Opinião

Sem marcha nem documento

Editorial do Estadão
Há dez anos o Fórum Social Mundial, inaugurado em Porto Alegre com todo o glamour contestatório da intelligentsia de esquerda, como contraponto ao Fórum Econômico Mundial de Davos, constituía-se num ponto de referência do debate social, por mais que se discordasse da ideologia predominante de seus habituais participantes. Assim permaneceu, durante alguns anos, com variações de qualidade e frequência, mas com energia suficiente para repercutir em teses opostas às surgidas no simpósio da Suíça. Mas o que se viu sábado em Porto Alegre e domingo em Salvador foi o melancólico encerramento de uma reunião que, com o tempo, se tornou irrelevante - tão desimportante que os participantes não tiveram energia para realizar a simbólica final nem para redigir um documento com as "conclusões" do Fórum, se é que chegaram a alguma.

Não faltaram, é claro, palavras de ordem e manifestações despudoradamente partidárias. "Barrar a volta do neoliberalismo ao País", numa clara referência às eleições presidenciais, foi um slogan dos mais frequentes. De fato, embora fosse uma reunião internacional, com temas globais, o que mais se fez foi discutir um calendário de mobilizações voltado para as eleições caboclas deste ano, lançado pela Assembleia de Movimentos Sociais do Fórum Social Mundial. Além disso, sob a condução da Central Única dos Trabalhadores (CUT) e do PC do B, no último dia da etapa gaúcha do Fórum foi aprovada - sem votação - uma "interpretação" da mobilização oposicionista em torno do escândalo do mensalão, em 2005, atribuindo-lhe cunho golpista e semelhança com outros golpes ocorridos na América Latina, como o da Venezuela, em 2002, e o de Honduras, em 2009.

A linguagem dominante no simpósio continuou sendo aquela dos tempos da guerra fria. E não faltaram os ataques à liberdade de expressão, tão em moda atualmente. "As elites se utilizam e fortalecem novos instrumentos de dominação. Sua principal arma hoje é a grande mídia e os grandes veículos de comunicação. São esses organismos que funcionam como verdadeiros porta-vozes das elites conservadoras e golpistas." Assim, reproduziram-se em Porto Alegre as mesmas táticas totalitárias empregadas na Argentina, Bolívia, Equador e Venezuela para sufocar a imprensa livre e, depois, as restantes liberdades civis.

A reunião na Usina do Gasômetro, na zona portuária da capital gaúcha, começou com mais de 500 pessoas e terminou com menos da metade desse público. A tradicional passeata final, que iria do Gasômetro até a Assembleia Legislativa, foi cancelada por falta de manifestantes.

O Fórum Social Mundial Temático da Bahia não teve final menos melancólico.
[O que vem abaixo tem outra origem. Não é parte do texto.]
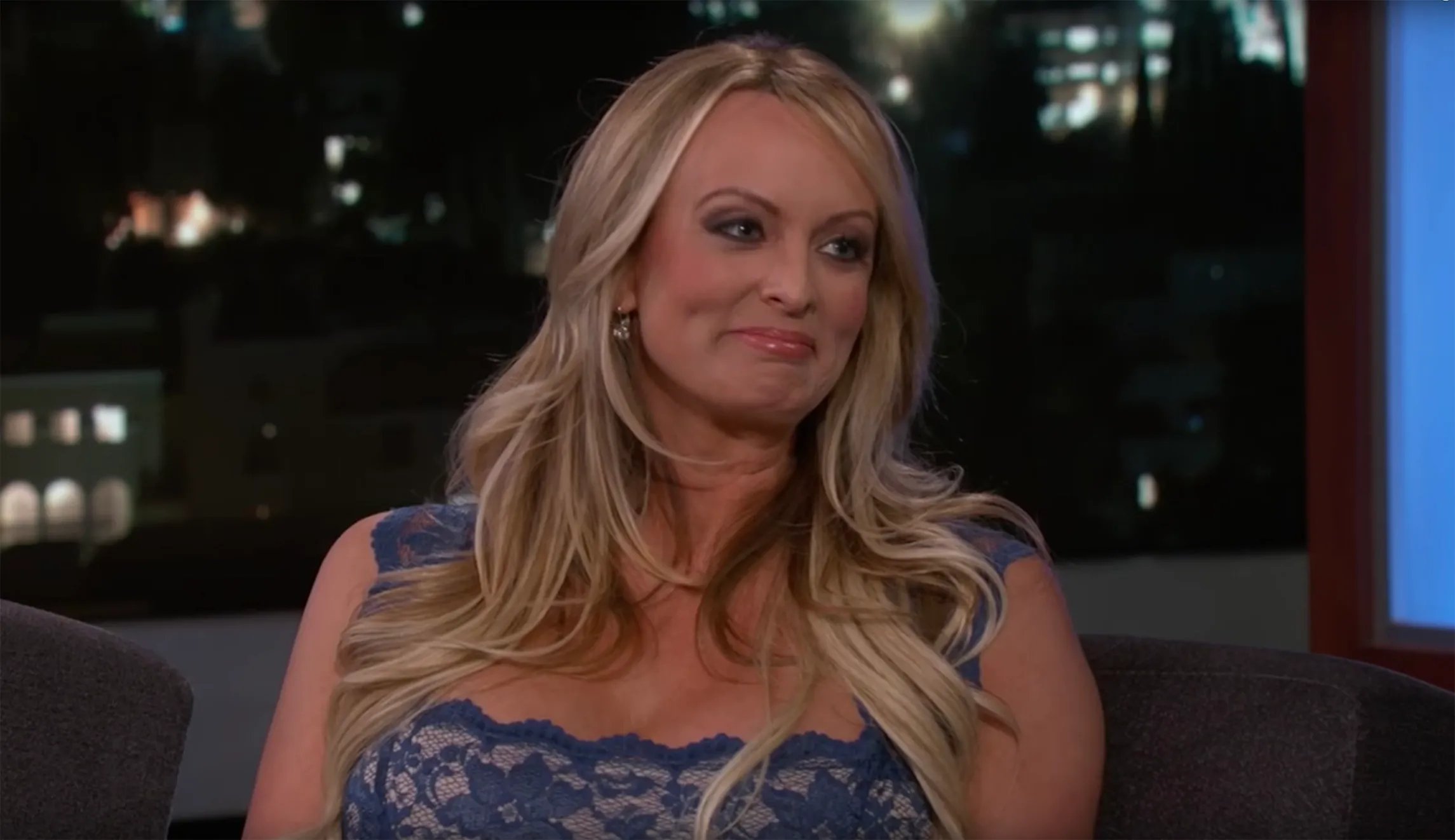 Stormy Daniels suggests signature on latest statement denying affair with Trump is a fake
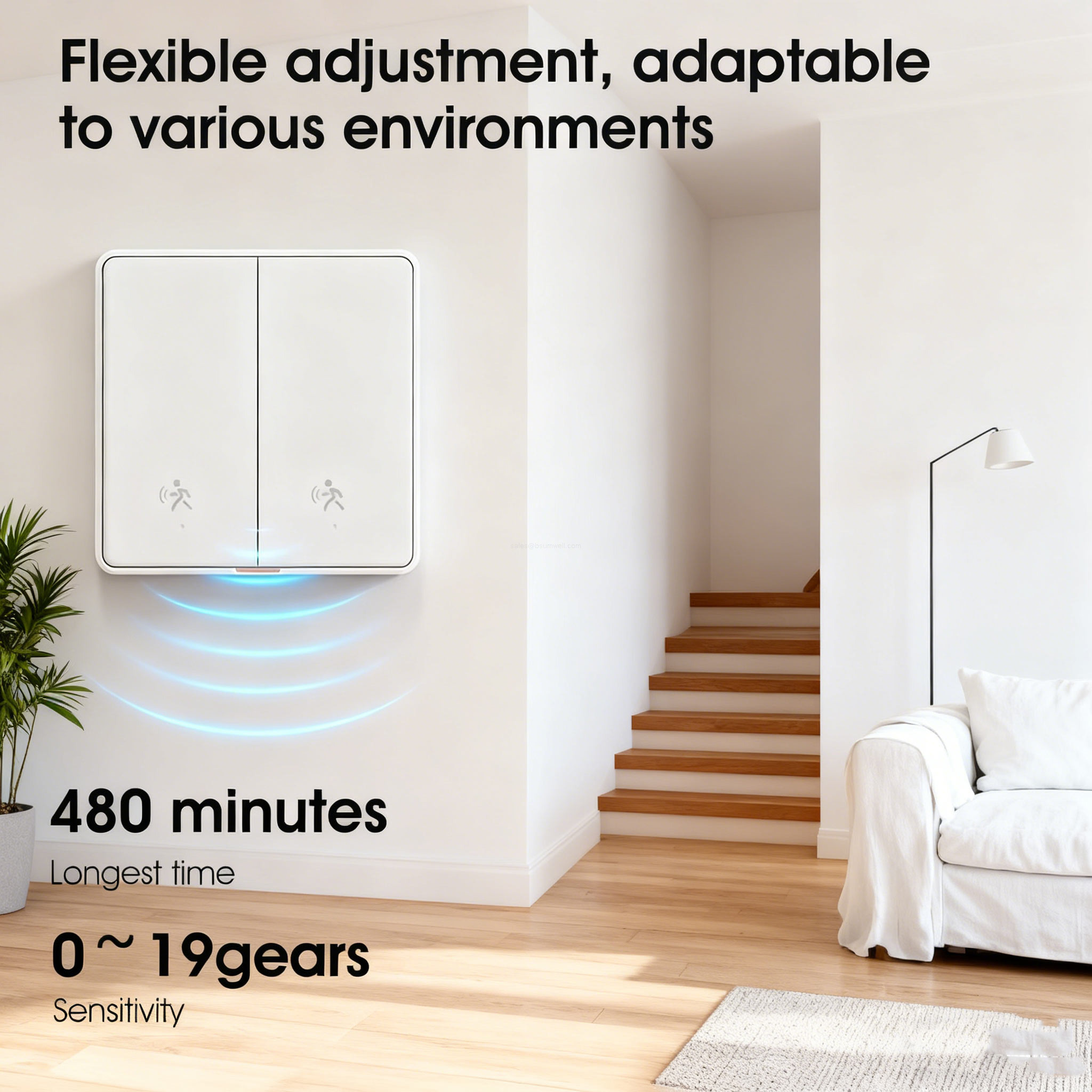 no neutral wire smart Home Wall Light Switch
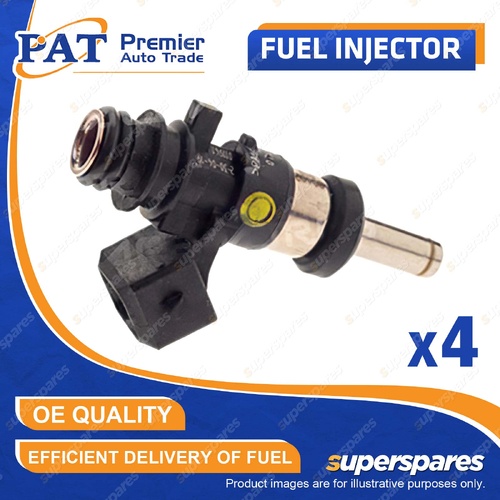 4 Pcs Fuel Injectors for Subaru BRZ ZC Z10 2.0 FA20D FA20C Coupe 2012-2021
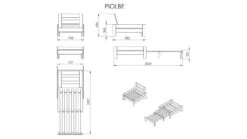 Zetelbed Pino 7 Zetelbed Pino -Karlsson Winkel Zetelbed Pino wit 3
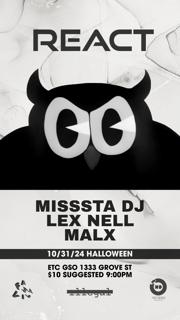 React Feat. Missta Dj, Lex Nell, Malx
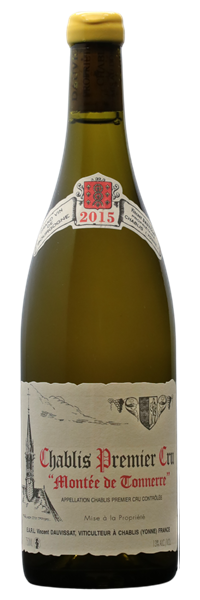 Chablis 1er Cru Montée de Tonnerre 2015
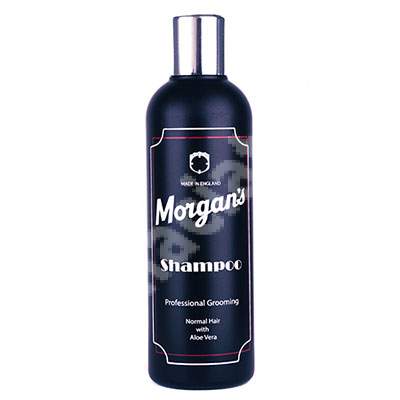 Sampon cu aloe vera pentru barbati Normal Hair, 250 ml, Morgan's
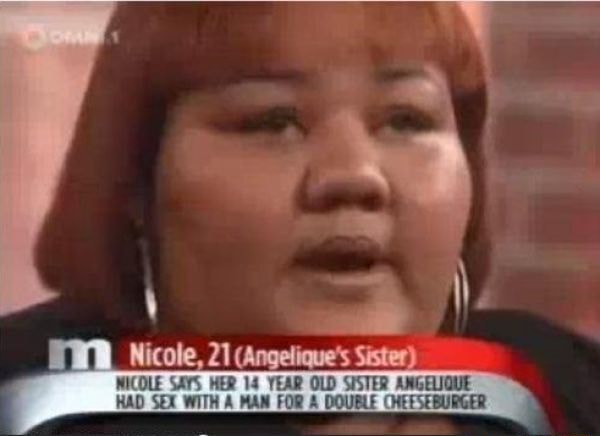 Nicole Says Her 14 Year Old Sister Had Sex With A Man For A Double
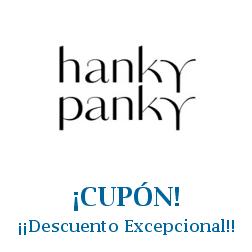 Logo de la tienda Hanky Panky con cupones de descuento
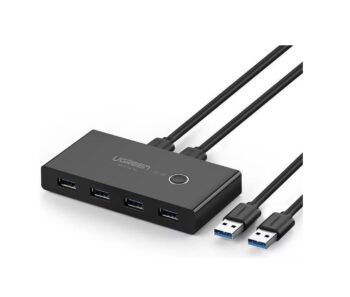 UGREEN USB 3.0 Sharing Switch Box 30768B - Black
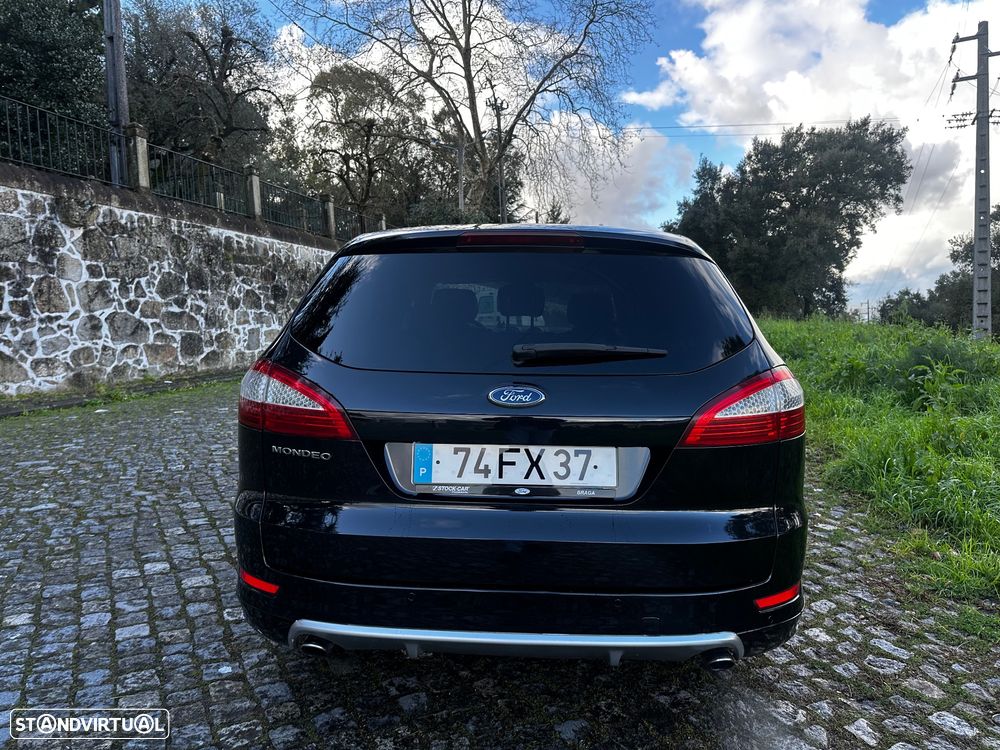 Ford Mondeo SW 2.2 TDCi Titanium S - 16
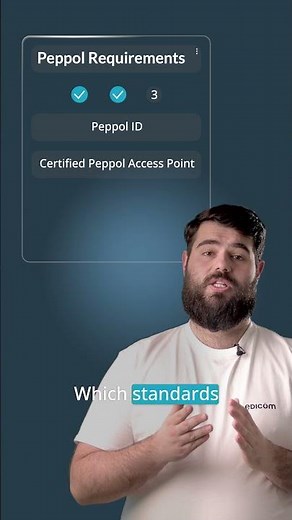 Peppol explained: what you need to operate in the network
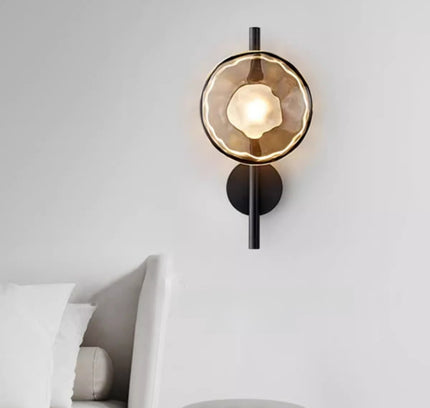 Wall Sconce IKLER — brass wall sconce lamp, designer lighting by RODESIGNE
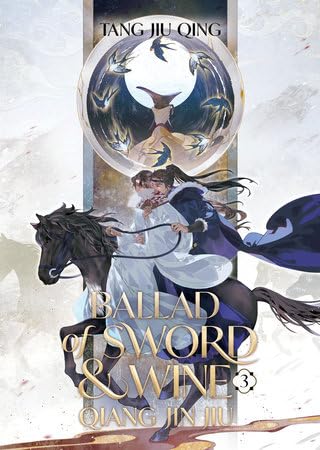 Ballad of Sword and Wine Vol. 1–4 (4-Book Set)      Paperback – May 27, 2025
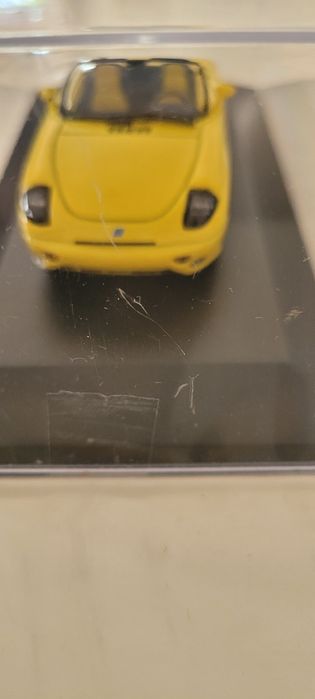 Carro miniatura Fiat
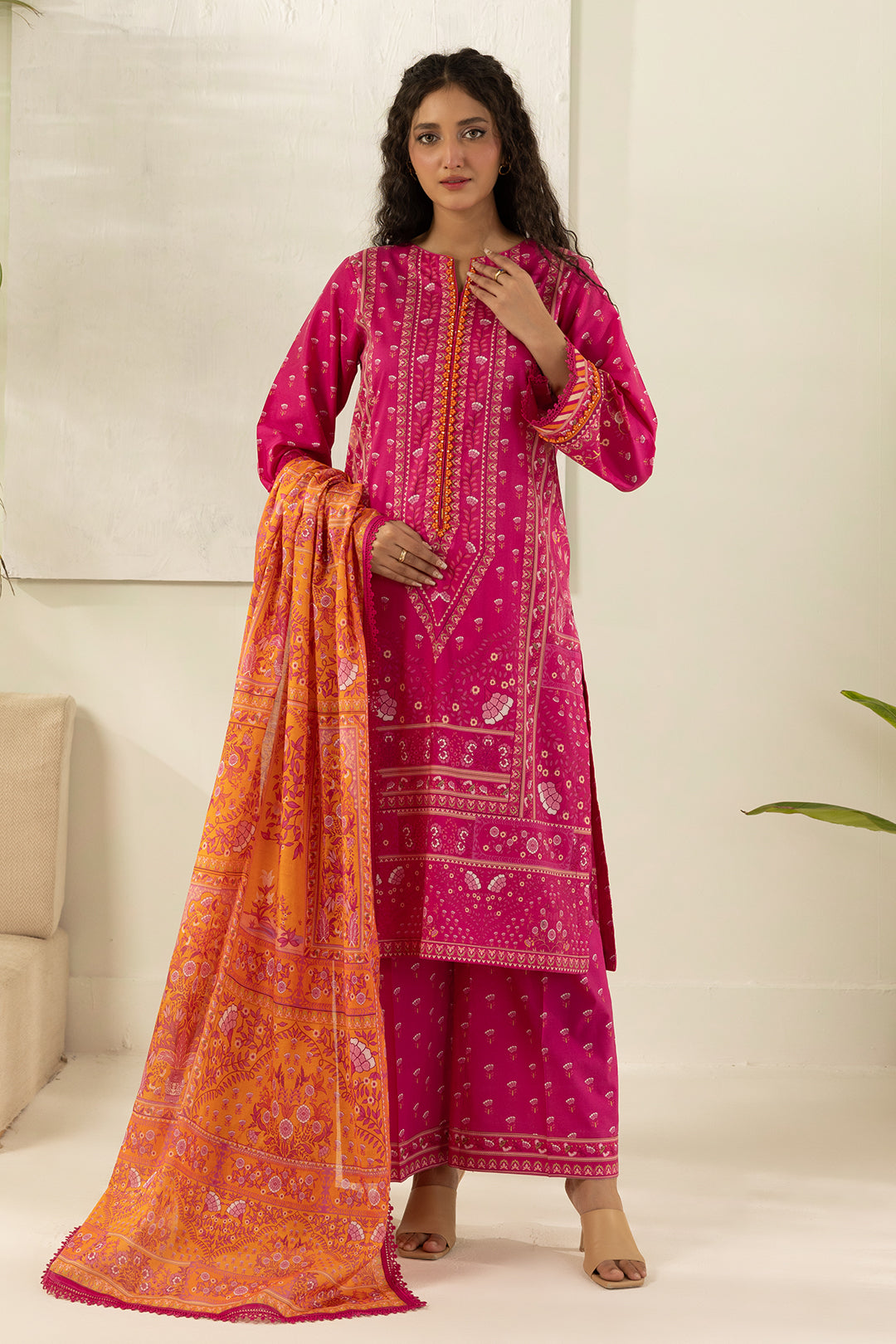 Shirt Shalwar Dupatta - 0432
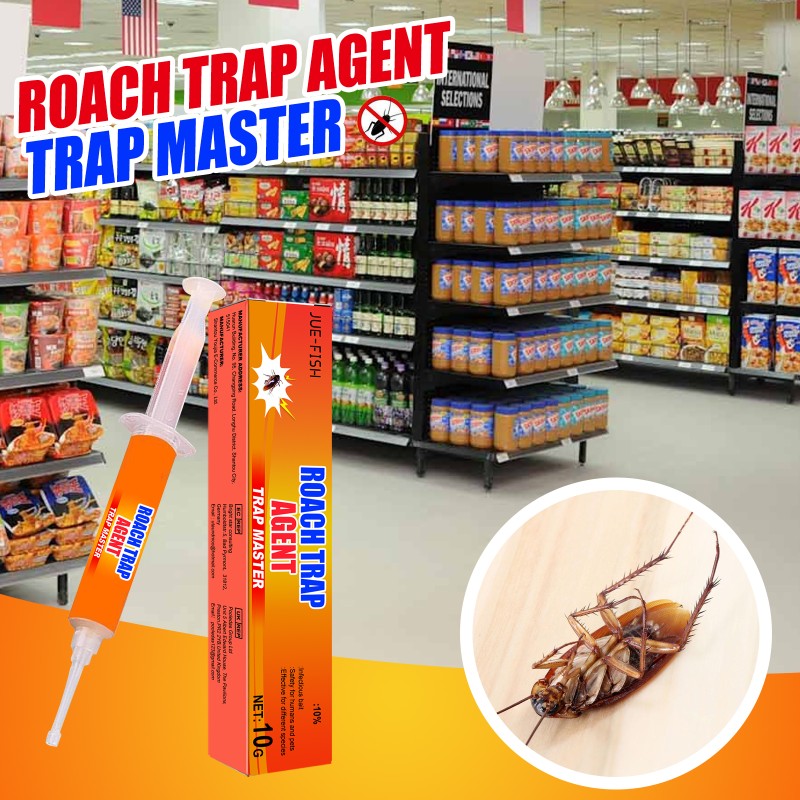 Roach Killer Manufacturer - Quick Kill Catcher Home Use Gel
Seu ponto alto, no encerramento de domingo, deveria ser a anunciada presença de 15 chefes de Estado e de governo. Mas, apesar das reconhecidas atrações turísticas soteropolitanas, nenhum deles compareceu ao evento. E, dos 30 mil participantes esperados, estima-se que apenas 10 mil tenham ido à capital baiana.

Para se ter a exata ideia da importância política do encontro, basta mencionar que o maior destaque ficou por conta da ex-prefeita paulistana Luiza Erundina (PSB) - que, por sinal, também pregou a criação de um "mecanismo de fiscalização e controle público dos meios de comunicação", que deveria ficar a cargo de "um órgão com participação paritária do governo, dos profissionais da área, consumidores e empresários, com poder de deliberar sobre políticas de comunicação, processos de concessão, sobre a programação veiculada, que nem sempre obedece aos direitos humanos".